YAY. Bob Dylan is touring again. The octogenarian troubadour shuffles into Glasgow at the end of next month where he’ll find me, and many others, queuing up to watch him sing at the Armadillo.

For any whippersnapper philistines out there who haven’t heard of the Bobster, he’s essentially a 1960s version of Ed Sheeran… if Sheeran had less ginger hair and more talent.

The naysayers will counter this claim by spitting out a slew of jibes about Dylan’s singing. It’s true that his latter-day stage warble is so ropey that an Indian illusionist could use it to perform a classic magic trick.

But in his heyday Bob’s voice was a screechy, scratchy excoriation.

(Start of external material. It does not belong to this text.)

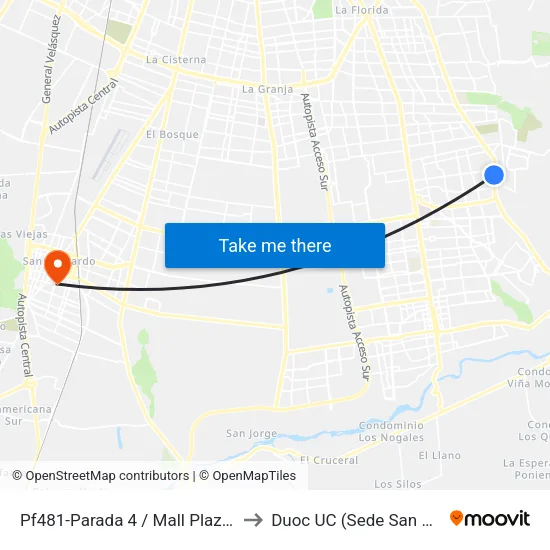 Pf481-Parada 4 / Mall Plaza Tobalaba to Duoc UC (Sede San Bernardo) map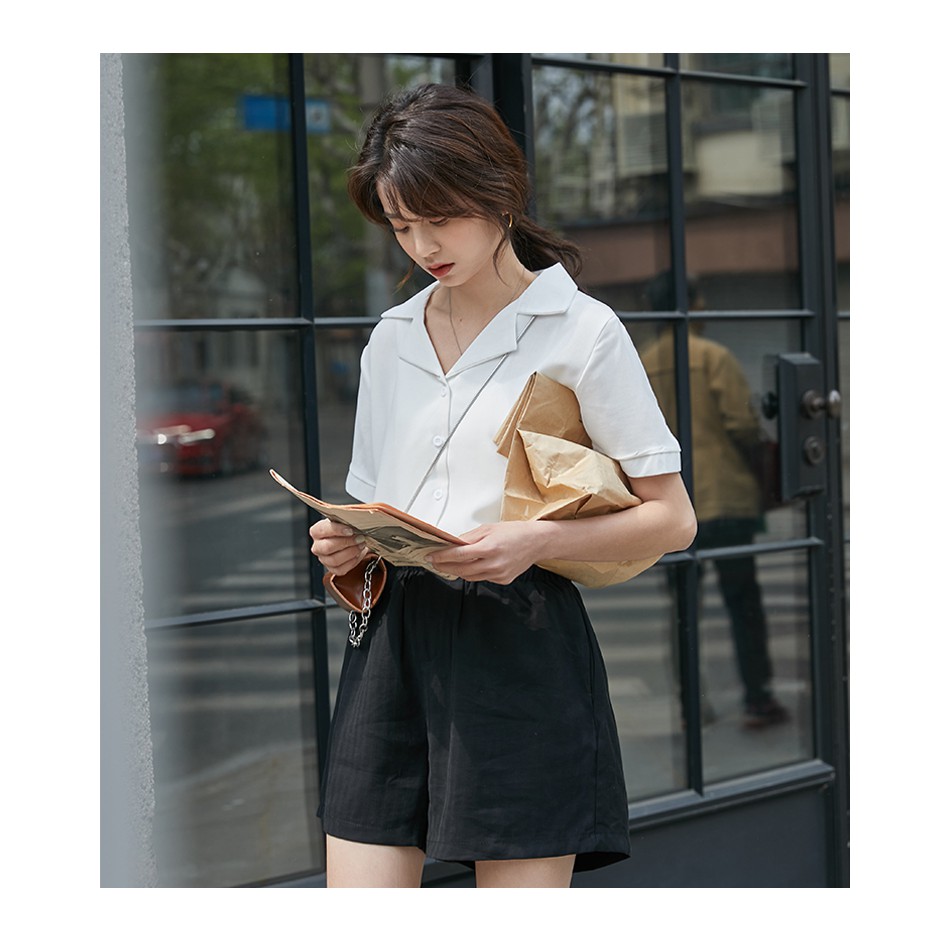 Áo Sơ Mi Nữ Tay Lửng Màu Sắc Thanh Lịch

It was the long fingernails of a Greenwich Village beatnik raking across the blackboard of the All American classroom. He sounded like a tetchy, backfiring vacuum cleaner, choking out dust, derision and the debris of Uncle Sam’s soul.

In other words, Bob had one of the most memorable voices to ever grace popular music.

Plus he wrote a bunch of songs that forensically scrutinized the world around him. This wasn’t the inarticulate snarl of an early rock and roller. Bob was clear-headed, scientific. A lab technician dripping acid into the Petri dish of 1960s culture.

He really hit his stride with his second album, The Freewheelin’ Bob Dylan, released in 1963. The record includes many of his best songs, including Blowin’ In the Wind and A Hard Rains a-Gonna Fall.

It also has one of the strangest album sleeves of any major artist. The cover photo shows an achingly young Bob, who looks as though he’d rather have a dummy-tit jammed in his mouth than his trusty harmonica.

He’s clearly shivering as he strides down the ice-cold canyon of a New York street in February. Huddled next to him is a young woman.

Now, if this was a modern day image used to market popular music, the lady with Bob would be a lanky and angular supermodel, hired by the record label to dangle adoringly from the singer’s arm, promoting the idea that this was an artist with major sex appeal.

Not here, though. Instead, the female is Suze Rotolo, Bob’s actual girlfriend of the time. She’s pretty, though not in the heavy-handed glamourpuss style of a catwalk queen. You could even say she looks – gasp! – normal.

Even more extraordinary for its lack of extraordinariness is what Suze’s wearing. A chunky, fuzzy, knee-length, comfy-looking coat that was no doubt the sensible option with all that nippy New York weather.

Being sensible? On an album cover? This truly was a revolutionary act. Perhaps even more revolutionary than the songs Bob burbled on the inside disc.

Here was a glimpse of “life, and life only”, as Bob sang on a later album. The humdrum reality of existence, stripped of the marketing hustle, the showbiz muscle.

When I watch a frail, elderly musician play Glasgow in a few weeks time I’ll be thinking about Suze Rotolo, who sadly died in 2011. In The Freewheelin’ Bob Dylan a young singer dared to glare at the American Dream, and describe it as it actually was.

But Suze’s frumpy yet defiantly honest coat heralded the rise of the real before Dylan had even sung his first word.